When I went to Navy boot camp two or three lifetimes ago, I had something of a head start. I already had a few years of maritime experience and so was able to help the other recruits with things like tying knots and throwing lines. I also had five years marching experience in high school band, so I knew how to march.

The first day of marching, before we started, the Company Commanders (CC) carefully explained and demonstrated the basic procedures. I paid close attention and knew I had it. Then we marched and, as one would expect, we were pretty ragged as a whole but I had it down right away.

The next day when we went out to march, the Recruit Chief Petty Officer (one of us lowly maggots, sort of like class president), who got the job because he was a ROTC brown-nose that could actually stand up on its hind legs, had somehow changed the procedures, specifically for “forward march” and “company halt.”

All of a sudden I found myself alternately walking on the heels of the man before me and having my heels walked on by the man behind. In-between I struggled to get in step with the rest of the company.
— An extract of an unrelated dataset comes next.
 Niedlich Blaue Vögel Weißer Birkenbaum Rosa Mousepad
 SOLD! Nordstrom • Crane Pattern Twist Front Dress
This went on for about five or ten minutes when one of the CCs, who had been following along beside me for the last couple minutes, stopped the company and approached the immediate vicinity of my left ear.
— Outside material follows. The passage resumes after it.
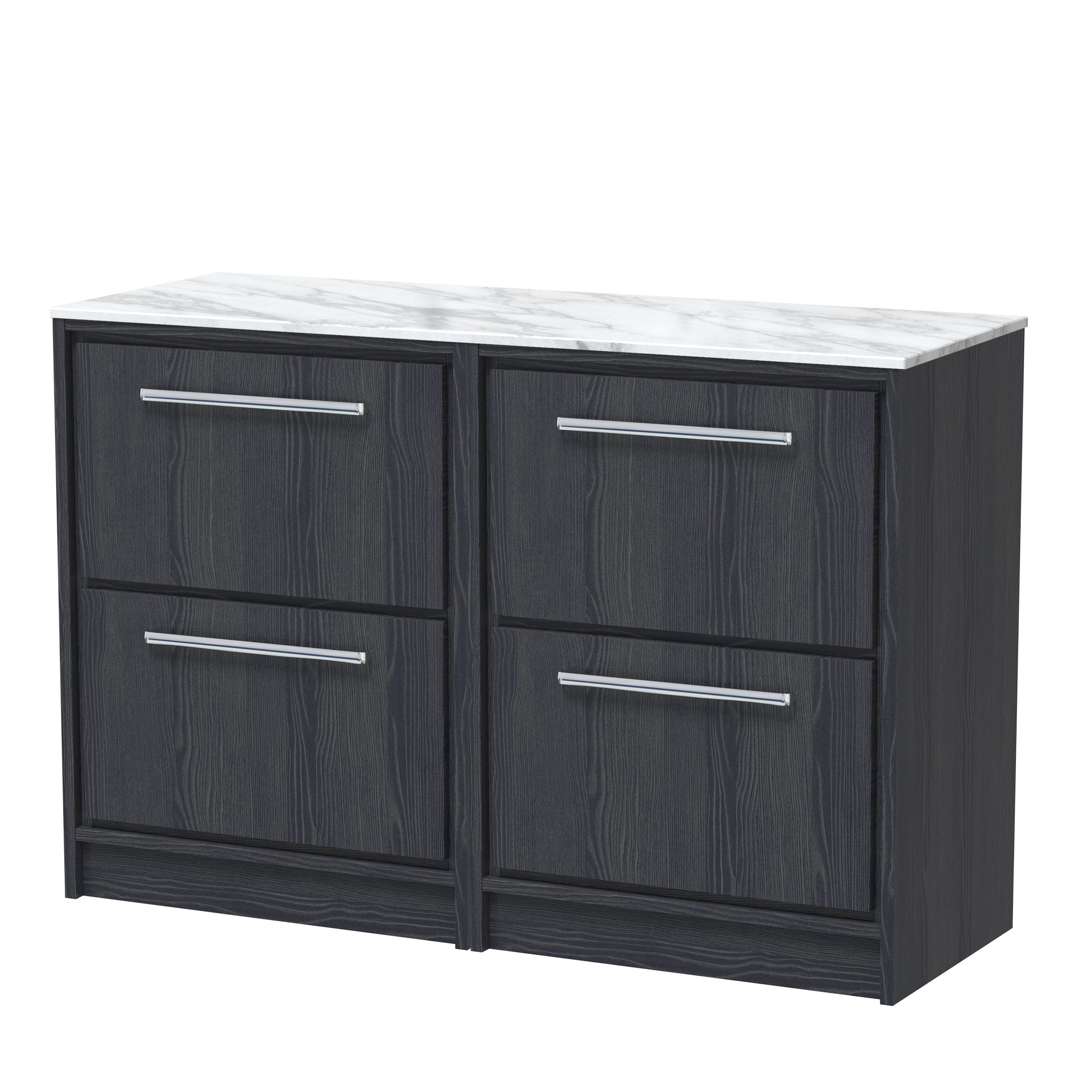 Hudson Reed Lille Graphite Grey Woodgrain 1200mm Floor Standing 4 Drawer Vanity with Marble Worktop LIL2233CMT2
“RECRUIT!” he bellowed calmly in what was, for him, a reasonable and quiet tone, “WHY ARE YOU MARCHING OUT OF STEP!?”

Now I knew I was doing it right and I thought the CC knew it as well. So, at rigid attention, under an ominous, slate-gray Forida sky, feeling increasingly weak and fluttery, resisting the urge to wipe the left side of my face, I answered as loudly and firmly as I could muster: “I’m not, sir.”
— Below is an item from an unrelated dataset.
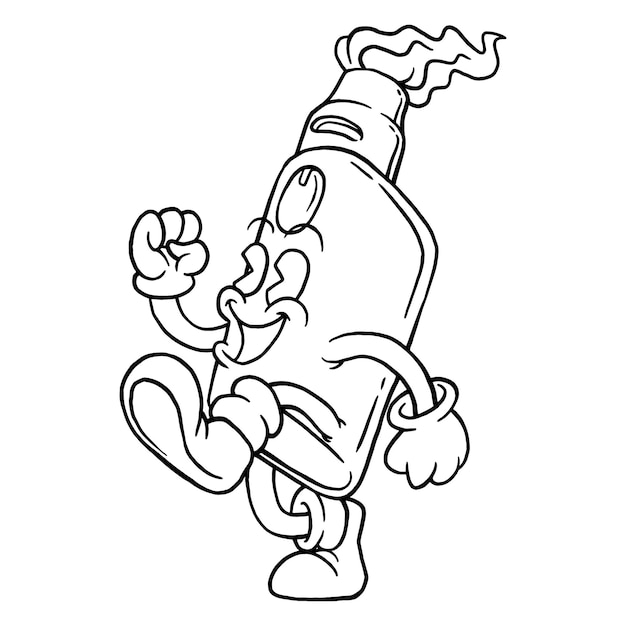 Coloring illustration of cartoon happy electric cigarette mascot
This seemed to slow him down about a half a beat. I think he was checking the volume control.

“WHAT DO YOU MEAN YOU’RE NOT!!?”.

“I am in step Sir,” I squeaked. “They’re not.”

At this point he apparently decided I could hear better through my nose and adjusted accordingly.

“ARE YOU TRYING TELL ME, RECRUIT, THAT EVERYBODY IN THIS ENTIRE COMPANY IS MARCHING OUT OF STEP EXCEPT YOU!!!?”

“Yes Sir!” I replied.

I think he started feeling a little sorry for me about then as he took on a more compassionate tone of voice over which I honestly felt I could just about hear the DC10 that was at that moment flying about 13 feet over my head.

“THEN FROM NOW ON….. RECRUIT….. YOU…WILL…MARCH…OUT…OF…STEP!!!! (another volume check) IS THAT CLEAR!!!!!?”

“Yes Sir!” And I did, and never had any further trouble in boot camp.

A few years later I found that I am truly out of step with modern society and that if I want to fit in I’d have to march ‘out of step.’ Every day thereafter I found it getting steadily harder to conform without betraying my principles.

Nowadays I accept that, not only am I out of step, I march to a different drummer, outside the box, and against the herd.